**Brief**
Exact copy, no pictures: return only the lines below from the line with "Small Three Wheels" up to and including the line with "Parris Island Marines".

(Recorded data)
╔══
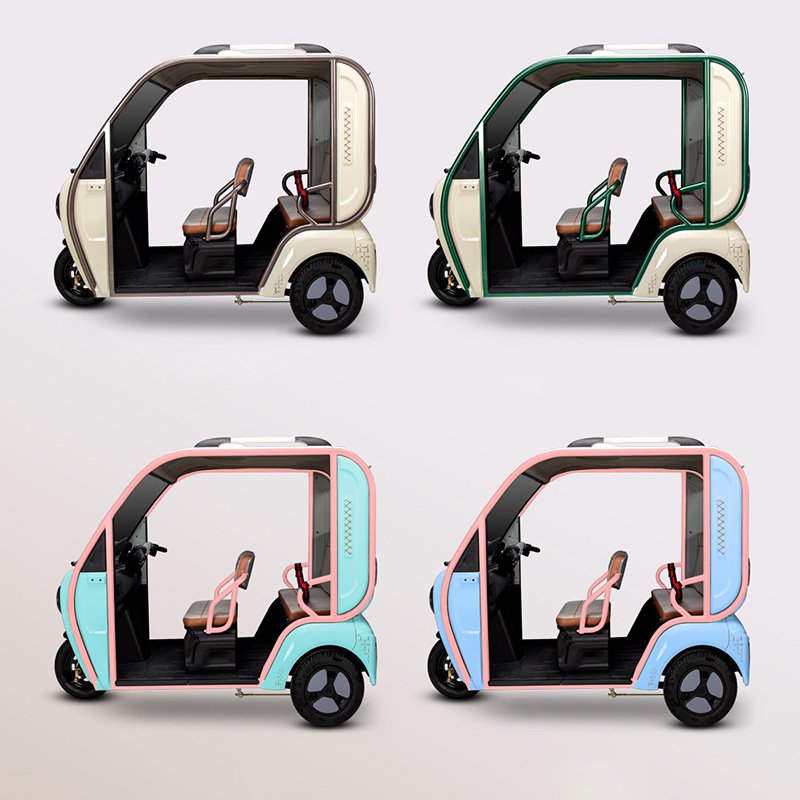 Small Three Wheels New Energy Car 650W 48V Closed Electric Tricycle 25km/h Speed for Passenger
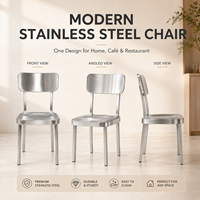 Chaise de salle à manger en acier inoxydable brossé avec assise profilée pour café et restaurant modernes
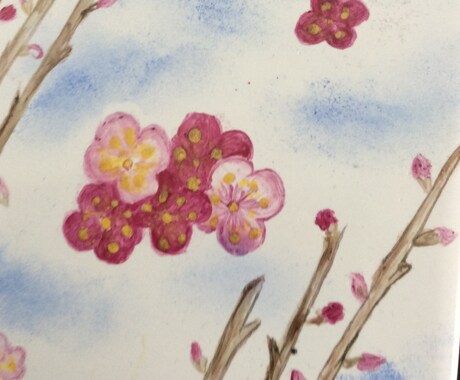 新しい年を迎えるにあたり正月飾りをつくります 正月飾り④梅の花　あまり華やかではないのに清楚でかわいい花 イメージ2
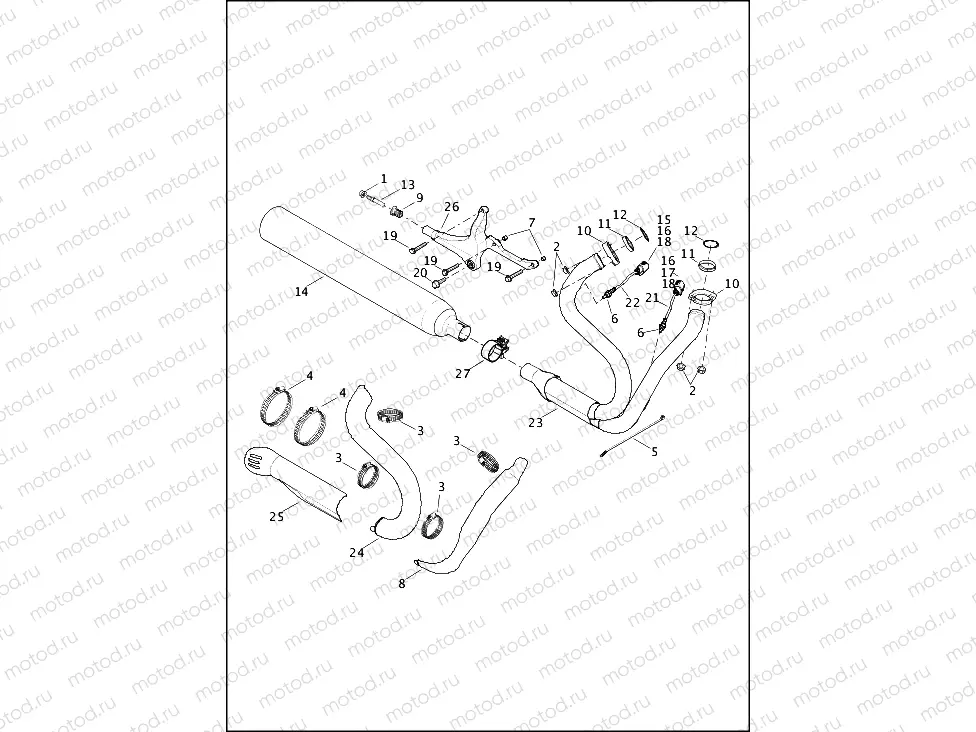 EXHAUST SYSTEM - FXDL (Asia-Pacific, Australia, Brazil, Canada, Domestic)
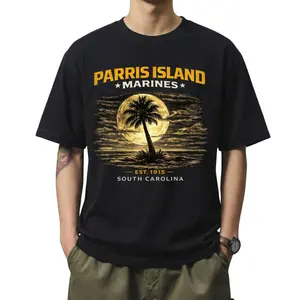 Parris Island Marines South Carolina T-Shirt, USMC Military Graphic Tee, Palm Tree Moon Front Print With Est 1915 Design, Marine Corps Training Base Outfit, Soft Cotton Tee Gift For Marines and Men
╚══
╔══
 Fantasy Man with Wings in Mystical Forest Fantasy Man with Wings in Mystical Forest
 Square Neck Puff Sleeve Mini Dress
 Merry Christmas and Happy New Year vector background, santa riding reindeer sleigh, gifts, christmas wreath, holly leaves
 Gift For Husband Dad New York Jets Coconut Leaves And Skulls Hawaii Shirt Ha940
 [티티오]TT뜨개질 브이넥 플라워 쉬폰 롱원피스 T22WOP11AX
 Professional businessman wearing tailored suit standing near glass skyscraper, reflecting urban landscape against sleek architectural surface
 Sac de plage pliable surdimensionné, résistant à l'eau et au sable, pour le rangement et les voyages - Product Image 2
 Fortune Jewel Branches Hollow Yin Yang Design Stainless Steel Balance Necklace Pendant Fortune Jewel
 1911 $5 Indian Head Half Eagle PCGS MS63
╚══
**Solution to this exercise**
 Small Three Wheels New Energy Car 650W 48V Closed Electric Tricycle 25km/h Speed for Passenger
 Chaise de salle à manger en acier inoxydable brossé avec assise profilée pour café et restaurant modernes
 新しい年を迎えるにあたり正月飾りをつくります 正月飾り④梅の花　あまり華やかではないのに清楚でかわいい花 イメージ2
 EXHAUST SYSTEM - FXDL (Asia-Pacific, Australia, Brazil, Canada, Domestic)
 Parris Island Marines South Carolina T-Shirt, USMC Military Graphic Tee, Palm Tree Moon Front Print With Est 1915 Design, Marine Corps Training Base Outfit, Soft Cotton Tee Gift For Marines and Men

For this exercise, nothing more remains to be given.